Scraped caption text data:
=== Section Start ===

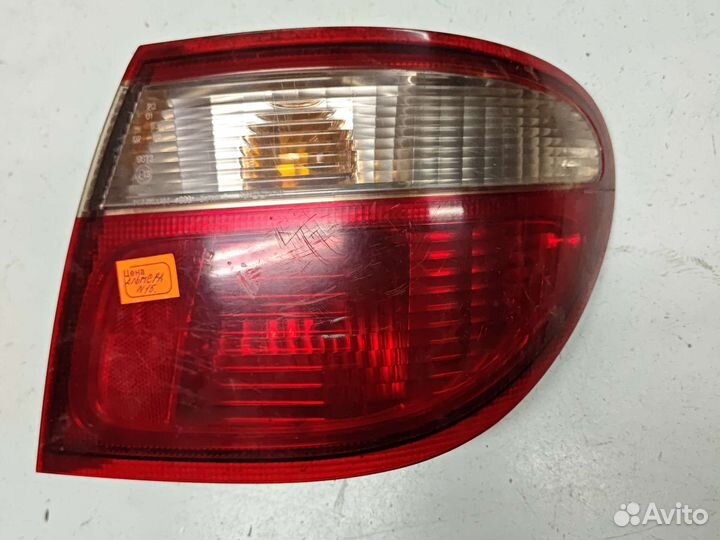 Задний правый фонарь Nissan Almera n16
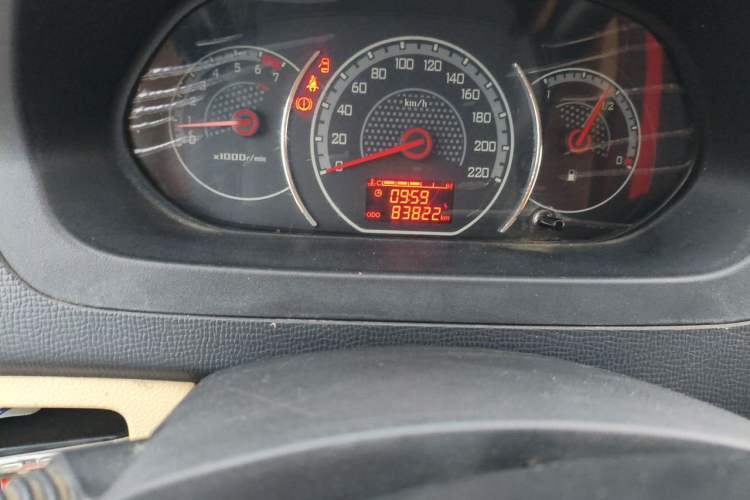 Used Wuling Zhengcheng 2015 1.8L Luxury Model LJ479QE2 Odometer Close Up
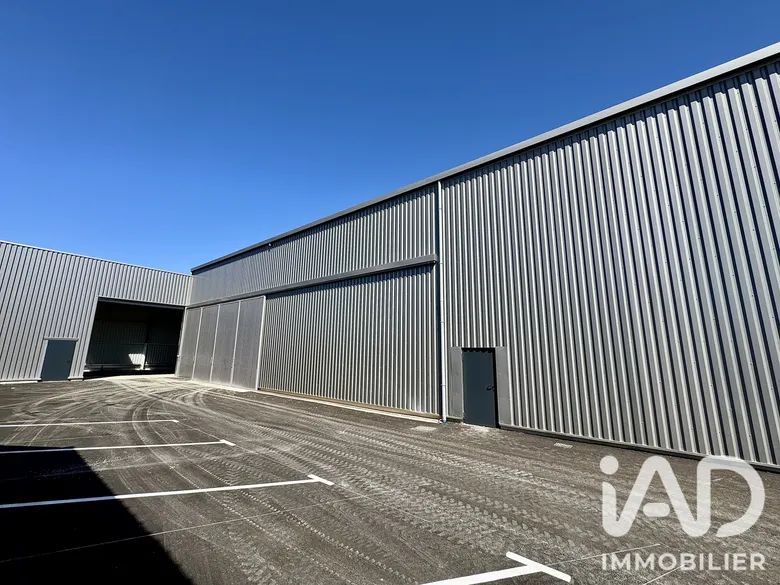 Local commercial 500 m² · à Orange · 500 m² · 475 000 €
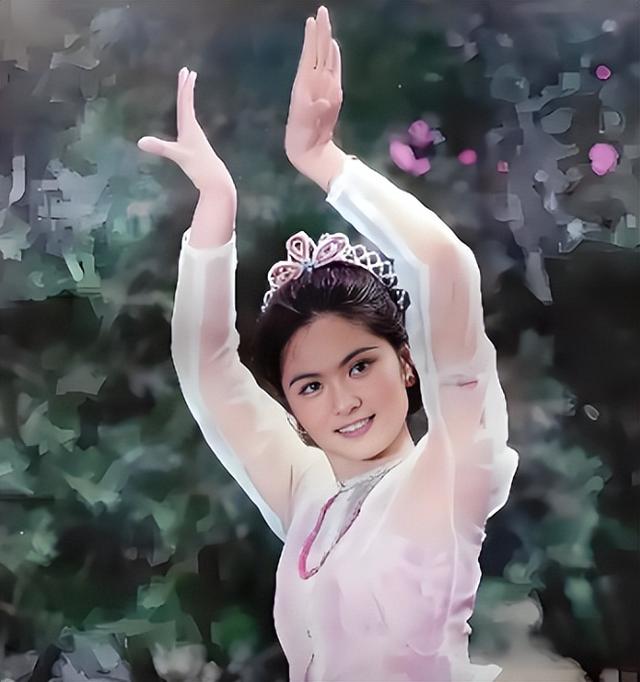 她是天生丽质的美女演员，嫁给军委副主席之子，离婚后成知名画家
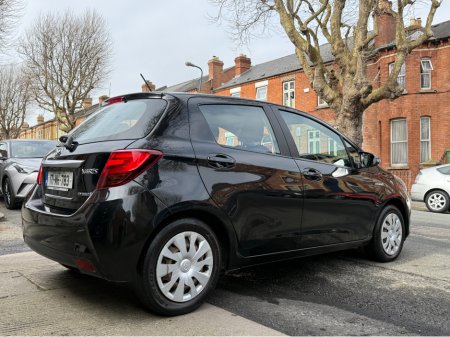 2017 Toyota Yaris - thumbnail 5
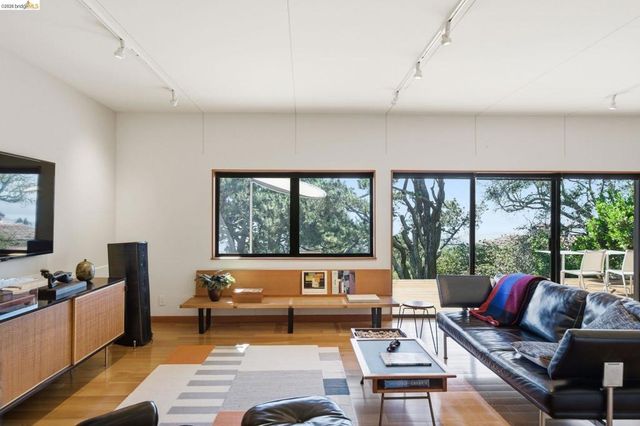 606 Grizzly Peak Boulevard, Berkeley, CA 94708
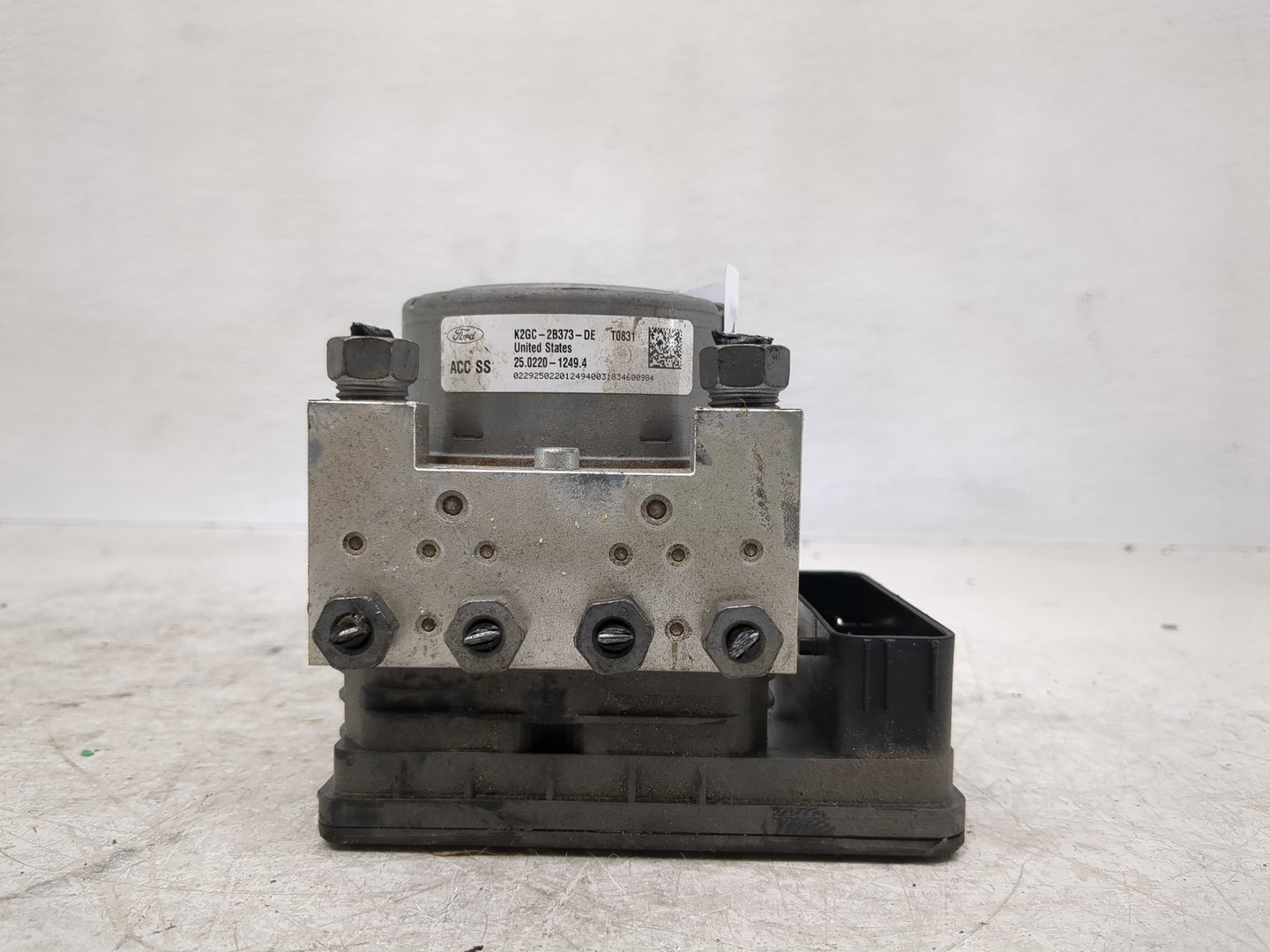 2019-2020 Ford Edge ABS Pump Control Module Replacement Fits Fits 2019 2020 OEM Used Auto Parts - Oemusedautoparts1.com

=== Section End ===

TASK INSTRUCTIONS: Leave out the pictures and repeat the remaining data exactly.

RESULT FOR THIS EXERCISE:
 Задний правый фонарь Nissan Almera n16
 Used Wuling Zhengcheng 2015 1.8L Luxury Model LJ479QE2 Odometer Close Up
 Local commercial 500 m² · à Orange · 500 m² · 475 000 €
 她是天生丽质的美女演员，嫁给军委副主席之子，离婚后成知名画家
 2017 Toyota Yaris - thumbnail 5
 606 Grizzly Peak Boulevard, Berkeley, CA 94708
 2019-2020 Ford Edge ABS Pump Control Module Replacement Fits Fits 2019 2020 OEM Used Auto Parts - Oemusedautoparts1.com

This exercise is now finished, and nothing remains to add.